GIVEN DATA |
-- Opening Marker --

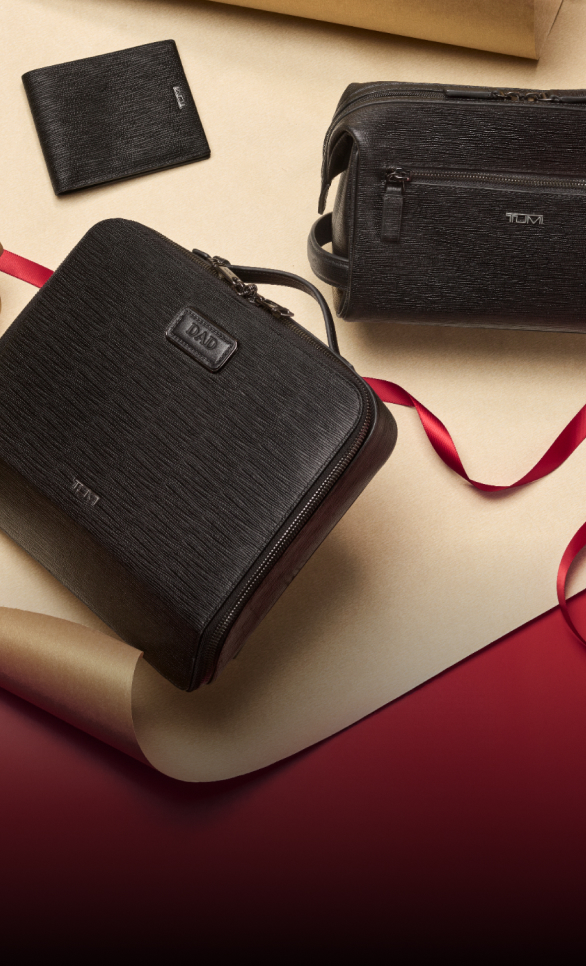 hol25-monogramming-gifts-gridbreaker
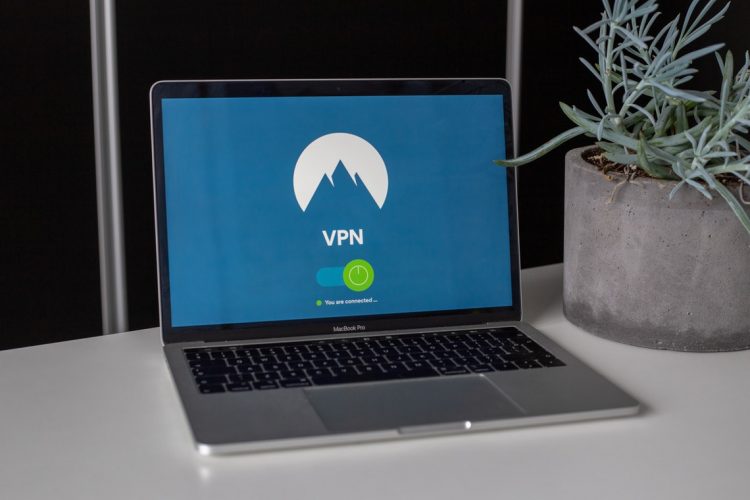 Top 10 Cheap VPN Deals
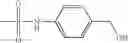 Fig. 191 - Hydrazone derivative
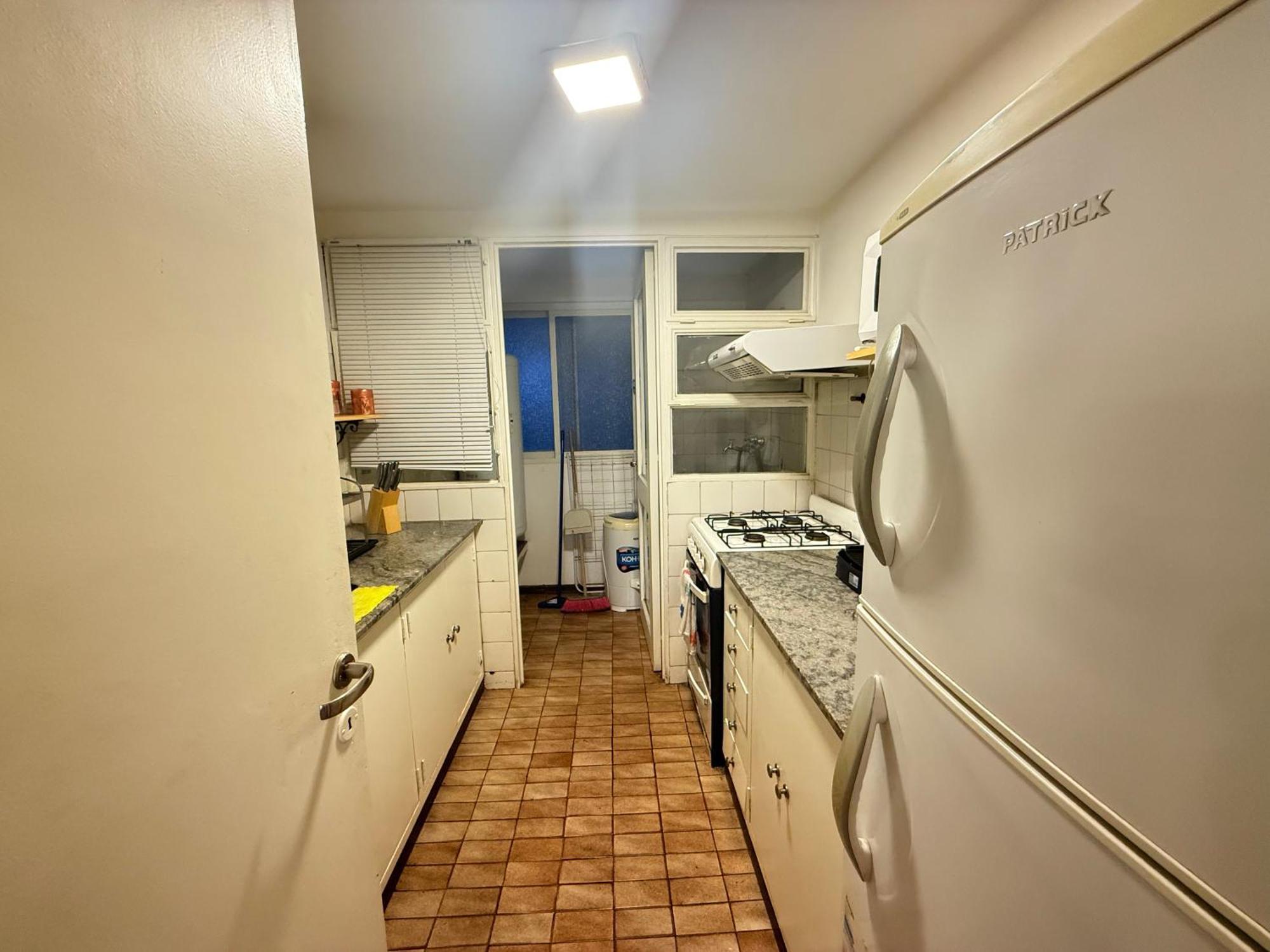 Departamento Centrico Mendoza Apartman Kültér fotó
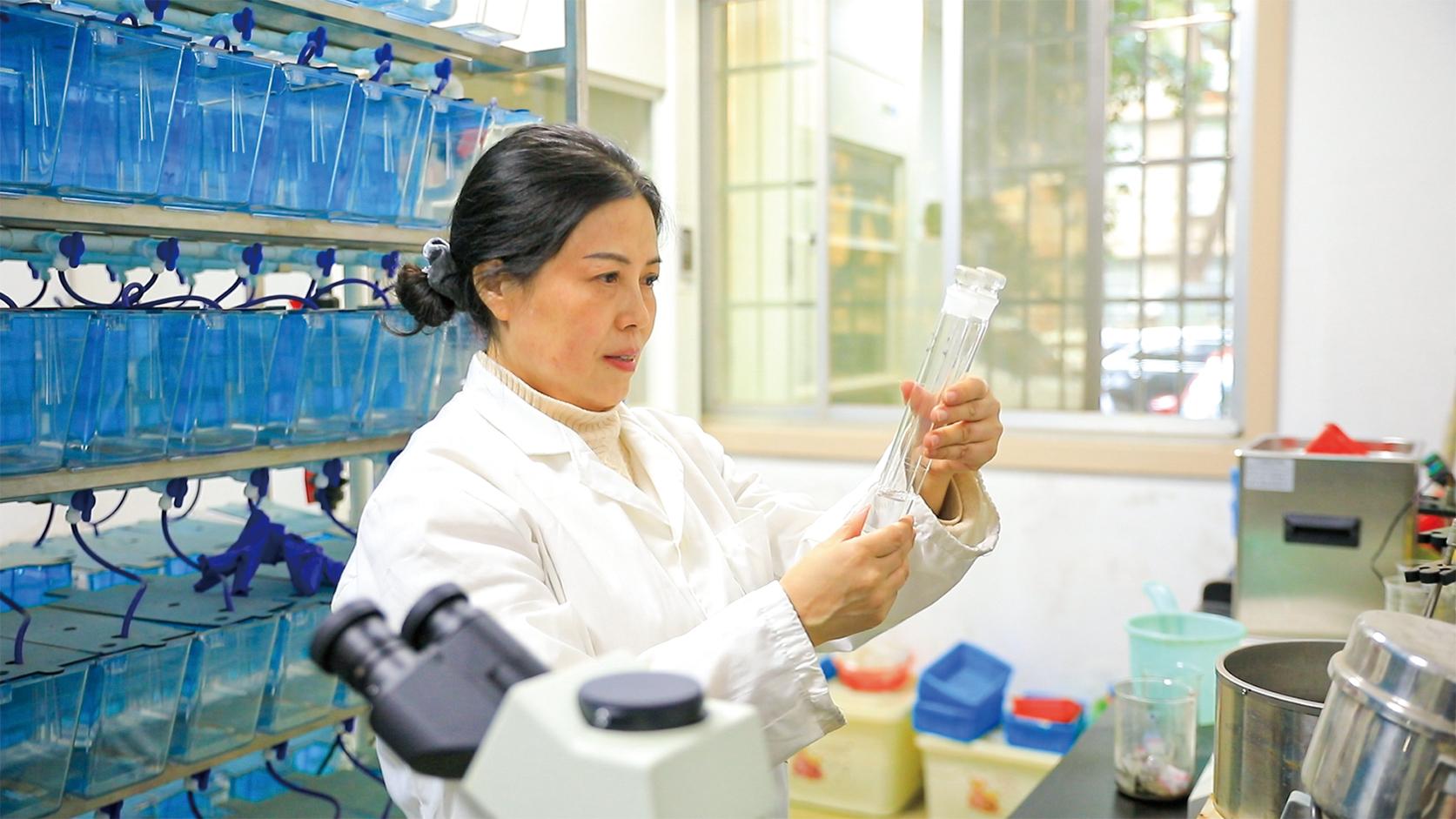 湖南政协新闻网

-- Closing Marker --

PROBLEM TO WORK ON | Retype only the lines from the line with "Fig. 191 - Hydrazone derivative" through the last line of the data. Keep both ends and skip the pictures.

ANSWER FOR THE TASK |
 Fig. 191 - Hydrazone derivative
 Departamento Centrico Mendoza Apartman Kültér fotó
 湖南政协新闻网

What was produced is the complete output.